Sarah Connor, only while pretending that T3 was a better film of course.
 
The only deaths I would want to undo are the ones that were really badly written, like Data. Movie characters with well written deaths are better served by remaining dead.

@Tosk

Didn't the actor who played Sarah Connor refuse the script to Terminator 3 because it 'Lacked humanity'?

So I would also agree with Terminator 3, because if Sarah Connor hadn't died it would imply the actress was handed a better script.
 
To this day whenever I watch The Wild Geese I hope Richard Harris is going to make the plane, similarly Sinatra in Von Ryan's Express so I'll go with those two as the first to pop into my head.
 
The only deaths I would want to undo are the ones that were really badly written, like Data. Movie characters with well written deaths are better served by remaining dead.

This.

Spock's death in TWOK is superbly handled, really serves and indeed makes the movie (having said that, I'm glad they brought him back in TSFS, as I like having my cake and eating it). By contrast, Kirk's death in GEN is botched, badly done and isn't really worthy of him. Data's death is also poor, a very obvious attempt to recreate TWOK (on tv, I thought Trip's death in ENT was needless and badly done).

I'd definitely bring back Kirk and Data, then.

The throwaway deaths of Hicks and the others at the start of Alien 3 were an insult to the memory of Aliens. It'll be interesting to see what Neil Blomkamp proposes to do with his new Alien sequel, for which Michael Biehn has reportedly been signed.

On the other hand, and sticking with Biehn, while it would've been cool to see Kyle Reese in T2, Reece's death in The Terminator is almost inevitable and would've been cheapened had they brought him back via time travel.

The various deaths in X-Men: The Last Stand spring to mind. I wonder if Bryan Singer feels the same? ;) I also don't really care for the tendency for some comic strip movies to kill off their iconic villains - I like them to be kept alive so they can return to torment our heroes again, even if the film franchises are unlikely to last as long as their comic counterparts.

I can understand why they killed him off (to pass the mantle) but a Zorro sequel with Anthony Hopkins' character still around would've been more fun than what we got, IMHO.
 
Tasha Yar from TNG. There is no death stupider than being killed by a talking oil slick. "Yesterday's Entrerprise" wasn't good enough.

In T2, Miles Freeman Dyson. His death was f-d up. He tried to help and died anyway.
 
Keeping Hopkins' original Zorro around, even if permanently retired from fighting, could have been interesting, though I think any potential sequel to The Mask of Zorro was pretty severely handicapped by having to follow such a perfect movie.

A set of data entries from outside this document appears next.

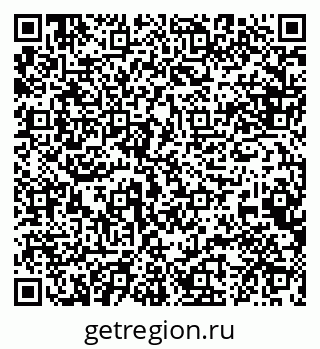 79088625664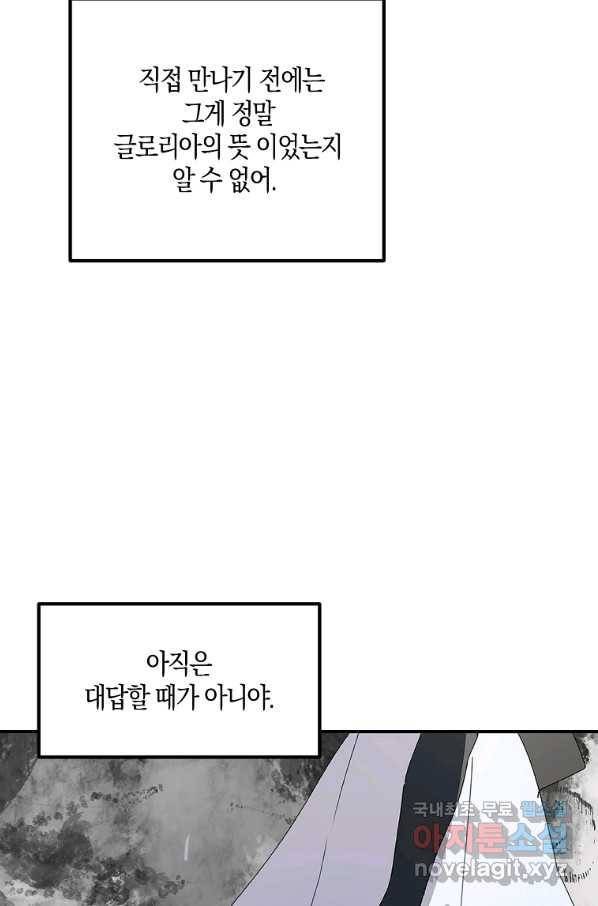 잘못된 고백 63화 15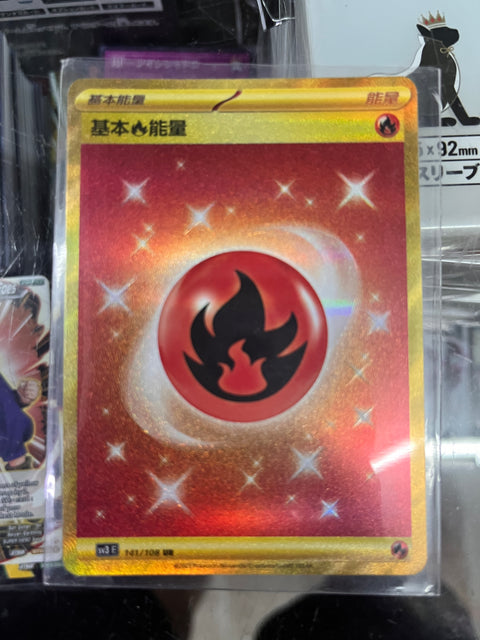 #卡牌遊戲, #卡牌, #遊戲王, #遊戲王卡, #遊戲王卡牌, #日文卡, #日版卡, #日版遊戲王卡, #YuGiOh日文, #Pokemon卡, #神奇寶貝卡, #寶可夢卡, #寶可夢卡牌, #海賊王卡牌, #數碼暴龍卡牌, #高達卡牌, #柯南卡牌, #龍珠卡牌, #碧藍航線卡牌, #符文戰爭卡牌, #魔法風雲會, #MTG卡, #桌遊, #動漫周邊, #動漫商品, #模型, #ActionFigure, #手辦, #公仔, #收藏品, #珍藏卡, #限量卡, #閃卡, #亮面卡, #金屬卡, #抽卡盒, #卡套, #卡冊, #卡盒, #保護套, #桌遊配件, #比賽卡牌, #集換式對戰卡牌, #比賽活動, #玩家社群, #玩家俱樂部, #遊戲店, #香港遊戲店, #HK遊戲, #香港卡牌, #香港桌遊, #卡牌教學, #遊戲教學, #策略遊戲, #遊戲配件, #收藏卡牌, #卡牌批發, #卡牌零售, #動漫卡, #動漫卡牌, #TCG產品, #日本卡牌, #美版卡牌, #卡牌活動, #實體店, #網上商店, #網店, #玩家聚會, #卡牌交流, #交換卡牌, #卡牌市場, #線上比賽, #實體比賽,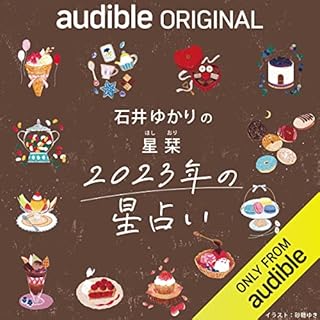 『石井ゆかりの「星栞 2023年の星占い」』のカバーアート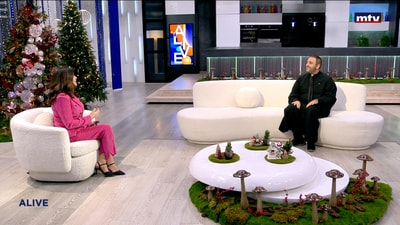 Father Charbel Geagea - Epiphany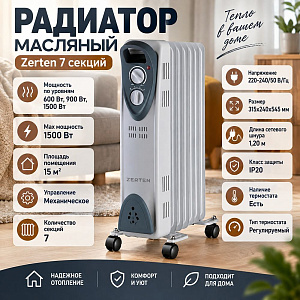 Радиатор масляный Zerten 7 секций модель MRT-15 302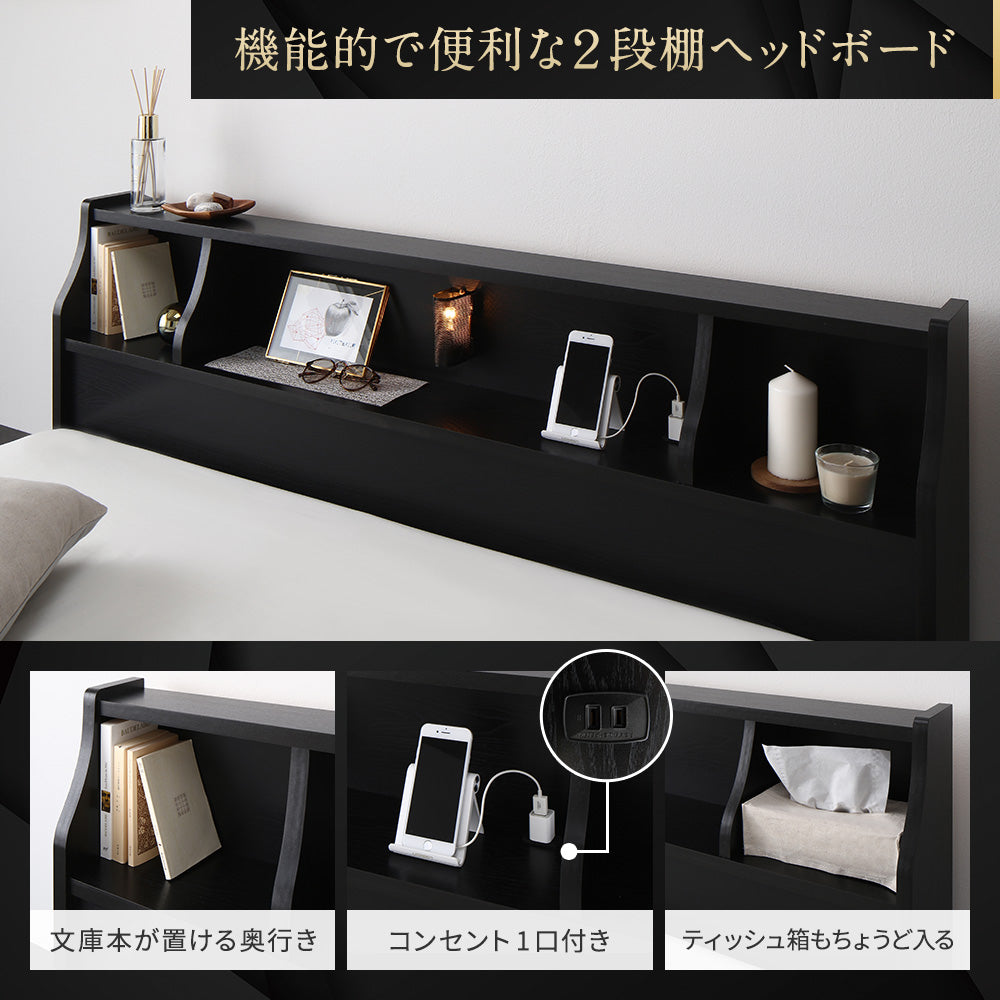 多成樹 コンセント付き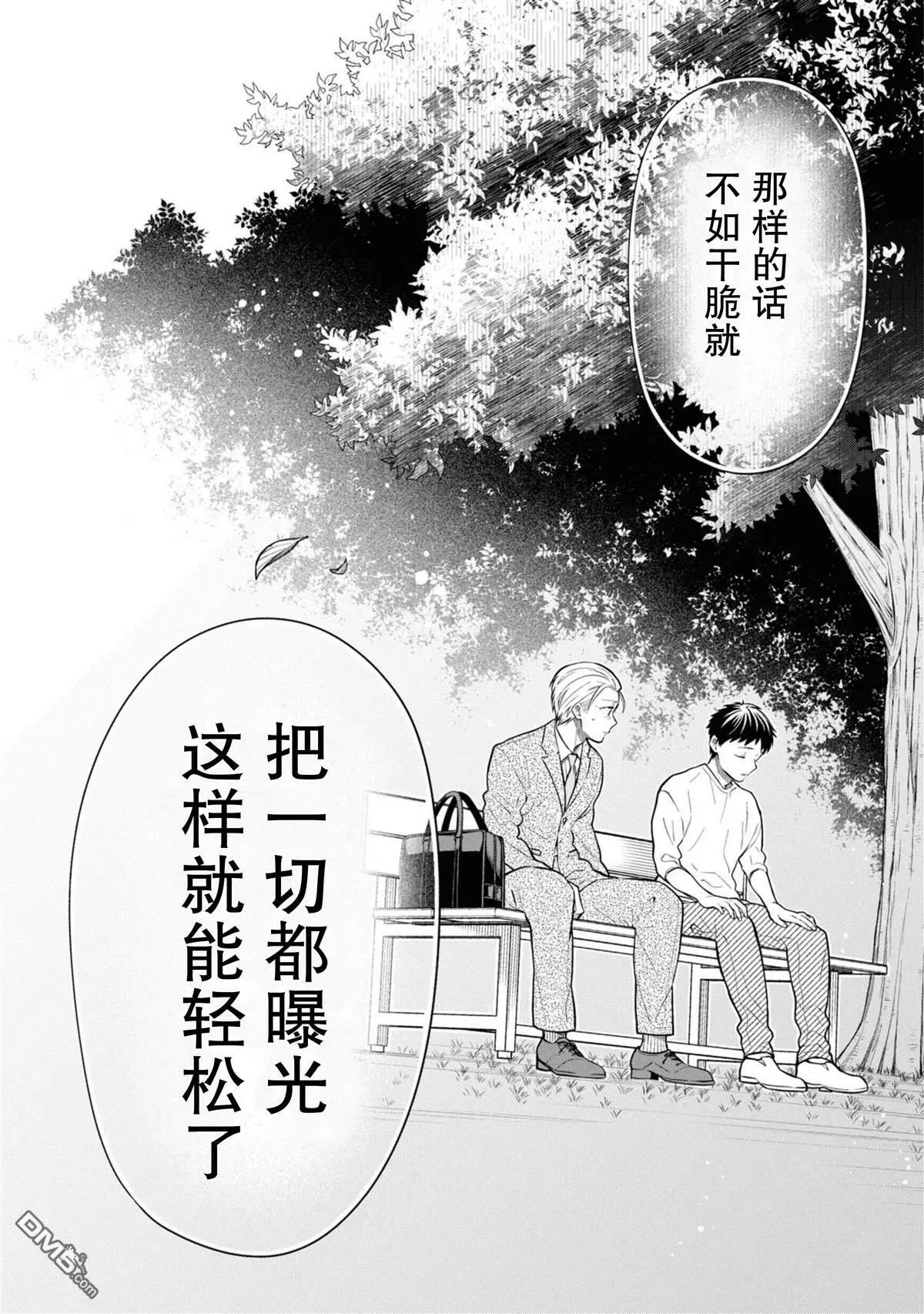 第66话 第24页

How the heck does one top a huge secret mining operation that could have kick-started the California Gold Rush a decade early, thus affecting the whole of West Coast history?!

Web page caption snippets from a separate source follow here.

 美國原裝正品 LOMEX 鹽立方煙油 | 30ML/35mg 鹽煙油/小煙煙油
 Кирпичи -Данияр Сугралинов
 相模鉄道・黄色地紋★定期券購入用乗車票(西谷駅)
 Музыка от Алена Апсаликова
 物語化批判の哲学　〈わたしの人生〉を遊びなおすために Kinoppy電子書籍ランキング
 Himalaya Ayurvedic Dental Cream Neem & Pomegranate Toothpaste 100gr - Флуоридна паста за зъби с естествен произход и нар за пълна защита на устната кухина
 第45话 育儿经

Hicks and Newt are indeed the obvious answers to this question, as are Cyke and/or Wheels from X3.


The Rome finale leaves a certain character's fate ambiguous, though I certainly side with the Word of God that says he survives.


My top choice is cinema's greatest villain: Hans Gruber (Alan Rickman) from DIE HARD. I want him to escape like Hannibal Lecter, Anton Chighurh and Charnier. And if he had, DIE HARD would likely have won Best Picture just like those other villains's respective movies.
Ha, ha, ha... No. :rommie:
 
Jake Holman in The Sand Pebbles. He was so close to something good.

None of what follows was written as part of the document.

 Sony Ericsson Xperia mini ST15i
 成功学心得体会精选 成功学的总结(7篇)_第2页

The three privates in Paths of Glory.
 
Jake Holman in The Sand Pebbles. He was so close to something good.

The three privates in Paths of Glory.

Amen to that. If you can only save one, let it be Ralph Meeker, because of his participation in THE NIGHT STALKER.:cool:

Besides DIE HARD's Gruber, I should've led off with Fredo (John Cazale) from GODFATHER II. He got quite a bum deal in real life as well.

Fredo's death is an essential part of the story. It's to show how Michael is now beyond redemption. He commits the oldest sin of fratricide, something his family-loving father could never have contemplated. Without his murder, the movie loses much of his power.
 
If I was going to reverse a Godfather related death it'd be the cringingly contrived death of the daughter in III.

The bullet should have just hit Michael like it was intended.

There's a lot of classic movies where a character dies at the end in a really contrived, silly way just because the movie is ending and the character not dying would seem unsatisfying. Like I feel that way about Vertigo.
 
Old Yeller.
Should've gotten that damn dog a rabies shot
Absolutely. I was heartbroken about that, and have never been able to watch that movie again, ever.

Same with every other movie where the dog dies - the old pedlar's little dog in Lassie Come Home, for instance.